So it seems like Janice just said what she said. The critical difference in meaning resulted from the fact that Nancy and I each listened what we listened. If this is the case, then perhaps the most important part of communication isn’t the speaking at all, but rather the listening.

Observing Ourselves:

With that in mind, how can we become better observers of the way we listen in the world? For starters, we can observe that sometimes we are listening for particular things, and when we are listening for something in particular, we often find it!

Listening for Invalidation or Rejection

Many of us listen for evidence that we are being invalidated or rejected in some way.

When Janice said what she said, I listened that Janice did not truly want to be my friend. I listened for invalidation and rejection, and so that’s exactly what I heard! Notice that Nancy heard something different – likely because she was not listening for invalidation or rejection.

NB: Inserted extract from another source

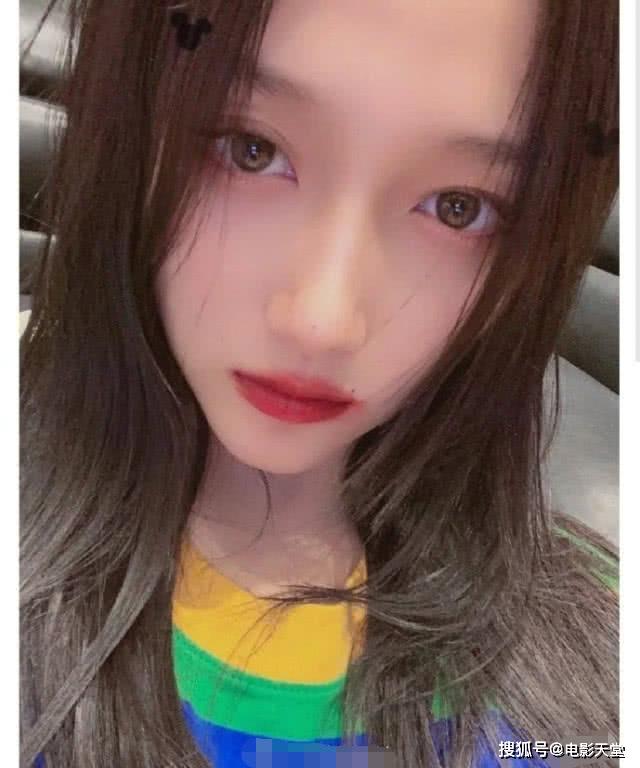 鹿晗关晓彤穿情侣装秀恩爱,粉丝却急眼了,不仅脱粉还侮辱关父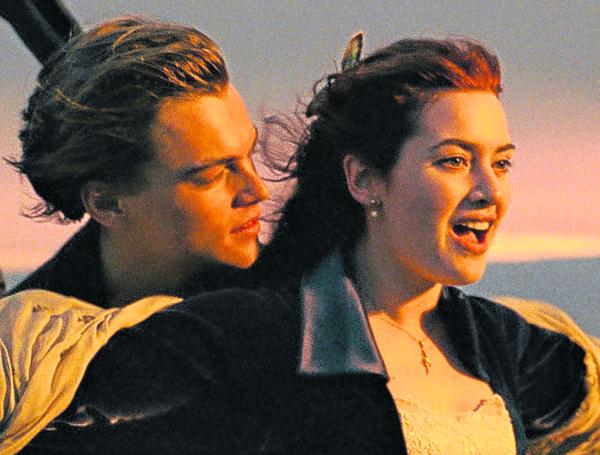 Acaba de estrenar la serie The Regime en MAX, donde tiene tiempo para burlarse también del poder y la política.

Ask yourself: How am I listening defensively in my relationships? How am I listening for invalidation or rejection? Is this directing my relationships in a way that works for me?

Listening For What I Already Know

Many of us listen for information that we already know, instead of listening for something new for us to learn.

How many of you have had the experience of sitting in a classroom, a meeting a work, or a conversation with someone and have suddenly found yourself bored, thinking “I already know this” or “Tell me something I don’t know”?

When we listen for what we already know, we are blind to the possibilities of learning something new, and when something new does show up, we are likely to miss it completely because that’s not what we’re listening for.

Ask yourself: How has listening for what I already know gotten in my way – In my career? My education? My relationships with the people I love?

Listening to Make Wrong

Many of us listen for opportunities to make the other person wrong.

How many of you have had the experience of listening to a person that you love speak, but you are barely listening because you are busy talking to yourself in your own head, forming your rebuttal and finding the best argument to make sure you are right?

The only problem with wanting to be right is that when I have to be right all the time, that means I have to make someone else wrong, and often that person is someone I love.

Ask yourself: How has listening to make others wrong gotten in my way in my relationships?